What the task asks » Every entry below should be transcribed exactly; pictures stay out of the copy.

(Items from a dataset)
● ● ● ● ●
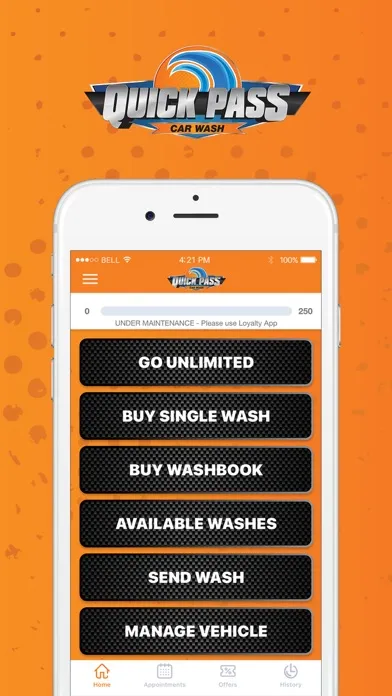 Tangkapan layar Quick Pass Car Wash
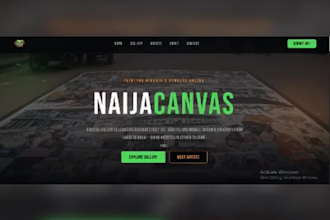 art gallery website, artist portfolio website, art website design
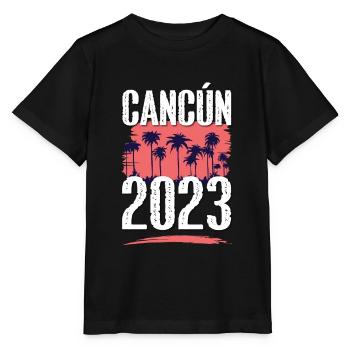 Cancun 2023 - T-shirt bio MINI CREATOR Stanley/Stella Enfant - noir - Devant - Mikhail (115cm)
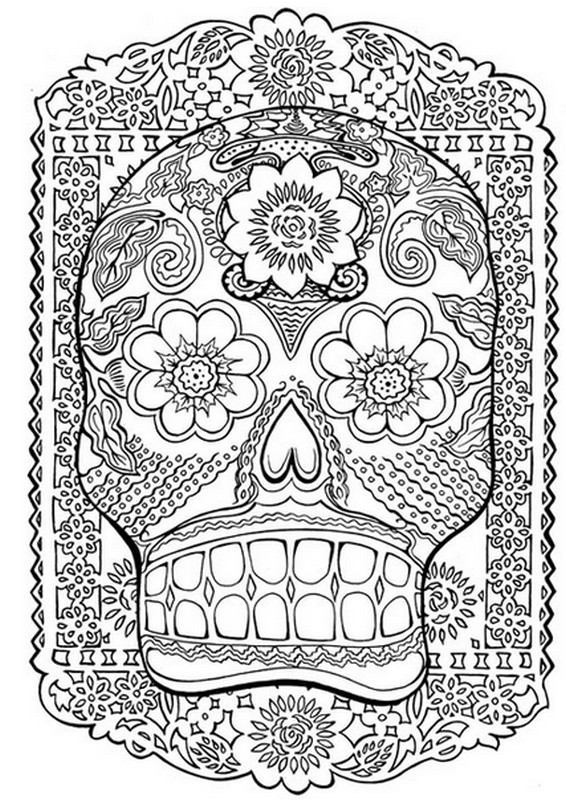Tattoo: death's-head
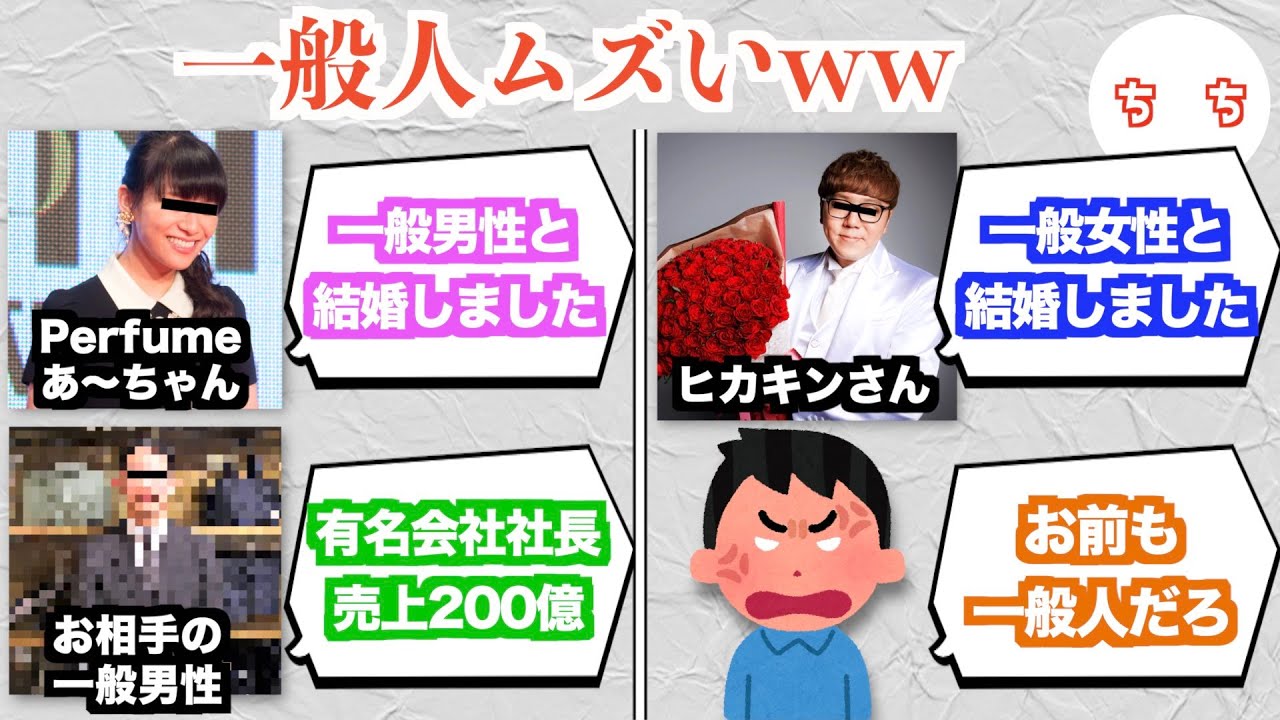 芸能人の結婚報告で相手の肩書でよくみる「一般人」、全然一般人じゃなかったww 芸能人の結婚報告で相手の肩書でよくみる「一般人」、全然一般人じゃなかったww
● ● ● ● ●
Output below »
 Tangkapan layar Quick Pass Car Wash
 art gallery website, artist portfolio website, art website design
 Cancun 2023 - T-shirt bio MINI CREATOR Stanley/Stella Enfant - noir - Devant - Mikhail (115cm)
Tattoo: death's-head
 芸能人の結婚報告で相手の肩書でよくみる「一般人」、全然一般人じゃなかったww 芸能人の結婚報告で相手の肩書でよくみる「一般人」、全然一般人じゃなかったww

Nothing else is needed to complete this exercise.